**INSTRUCTIONS TO FOLLOW:** Each record beneath this line is to be copied exactly.

Short descriptive text snippets:
______

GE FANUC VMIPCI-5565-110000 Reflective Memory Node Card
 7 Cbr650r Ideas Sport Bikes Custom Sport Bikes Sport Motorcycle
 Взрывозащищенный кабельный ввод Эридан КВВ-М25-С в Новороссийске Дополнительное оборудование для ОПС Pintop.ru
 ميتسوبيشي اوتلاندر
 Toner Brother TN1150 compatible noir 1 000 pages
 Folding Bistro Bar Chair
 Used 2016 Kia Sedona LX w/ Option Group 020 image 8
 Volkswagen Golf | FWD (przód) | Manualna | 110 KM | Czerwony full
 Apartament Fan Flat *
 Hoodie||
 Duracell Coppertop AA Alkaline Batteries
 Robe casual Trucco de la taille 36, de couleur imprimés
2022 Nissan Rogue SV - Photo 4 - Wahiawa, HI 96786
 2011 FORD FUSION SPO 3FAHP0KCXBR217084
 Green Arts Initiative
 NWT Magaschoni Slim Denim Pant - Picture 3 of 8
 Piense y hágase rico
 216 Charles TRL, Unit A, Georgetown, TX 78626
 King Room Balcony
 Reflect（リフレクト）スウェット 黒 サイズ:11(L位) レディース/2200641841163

______

**OUTPUT FOR THIS TASK:**
GE FANUC VMIPCI-5565-110000 Reflective Memory Node Card
 7 Cbr650r Ideas Sport Bikes Custom Sport Bikes Sport Motorcycle
 Взрывозащищенный кабельный ввод Эридан КВВ-М25-С в Новороссийске Дополнительное оборудование для ОПС Pintop.ru
 ميتسوبيشي اوتلاندر
 Toner Brother TN1150 compatible noir 1 000 pages
 Folding Bistro Bar Chair
 Used 2016 Kia Sedona LX w/ Option Group 020 image 8
 Volkswagen Golf | FWD (przód) | Manualna | 110 KM | Czerwony full
 Apartament Fan Flat *
 Hoodie||
 Duracell Coppertop AA Alkaline Batteries
 Robe casual Trucco de la taille 36, de couleur imprimés
2022 Nissan Rogue SV - Photo 4 - Wahiawa, HI 96786
 2011 FORD FUSION SPO 3FAHP0KCXBR217084
 Green Arts Initiative
 NWT Magaschoni Slim Denim Pant - Picture 3 of 8
 Piense y hágase rico
 216 Charles TRL, Unit A, Georgetown, TX 78626
 King Room Balcony
 Reflect（リフレクト）スウェット 黒 サイズ:11(L位) レディース/2200641841163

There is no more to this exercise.